* **DATASET SECTION**
=== Begin Enclosure ===
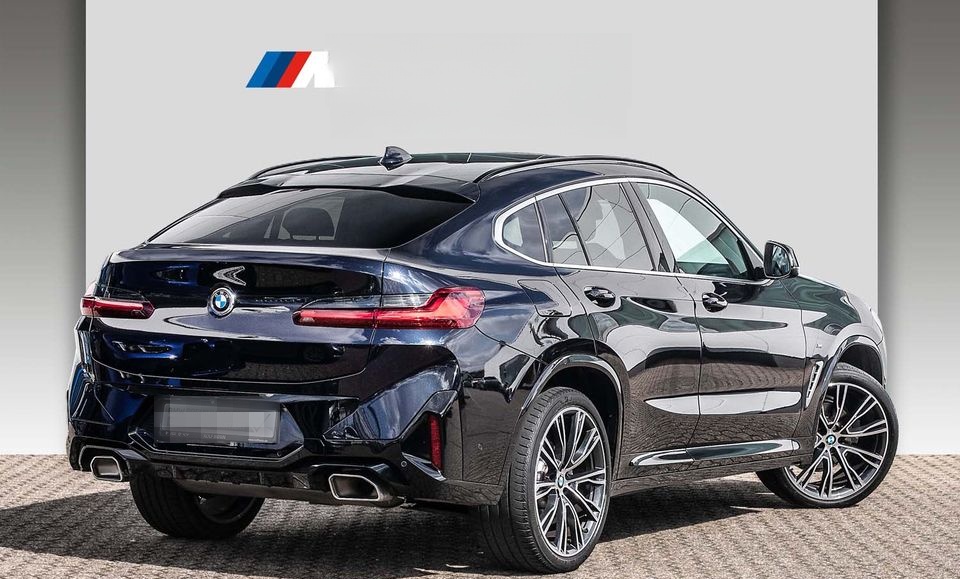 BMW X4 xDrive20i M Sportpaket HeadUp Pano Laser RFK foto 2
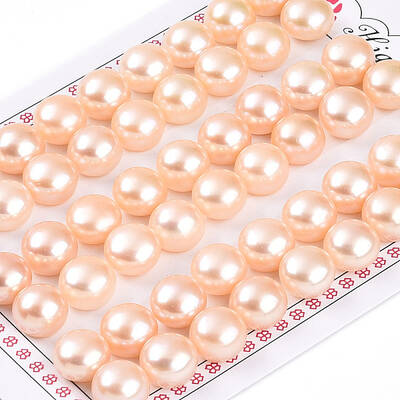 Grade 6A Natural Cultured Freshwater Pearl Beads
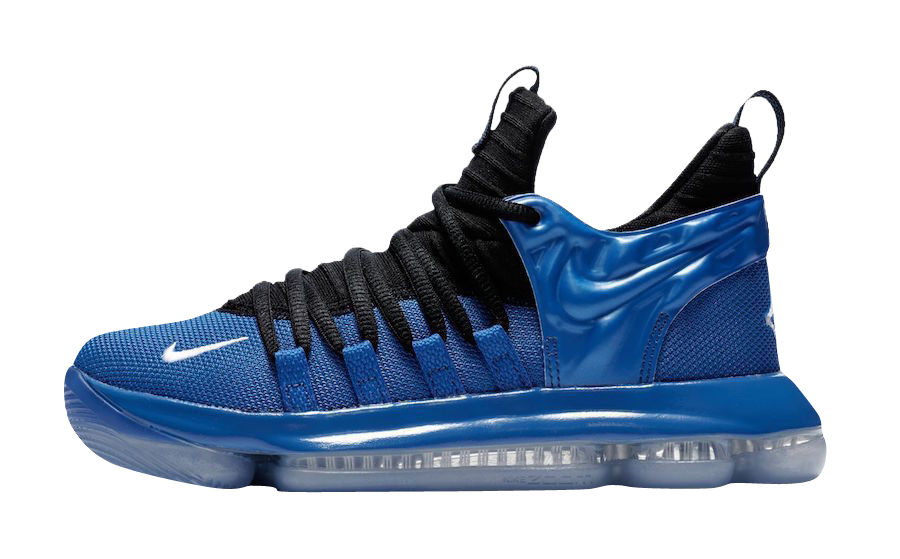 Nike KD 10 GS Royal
=== End Enclosure ===
* **ACTION ITEM**
Exactly as given, set down each line of the material, but include no pictures.

* **WRITTEN ANSWER**
 BMW X4 xDrive20i M Sportpaket HeadUp Pano Laser RFK foto 2
 Grade 6A Natural Cultured Freshwater Pearl Beads
 Nike KD 10 GS Royal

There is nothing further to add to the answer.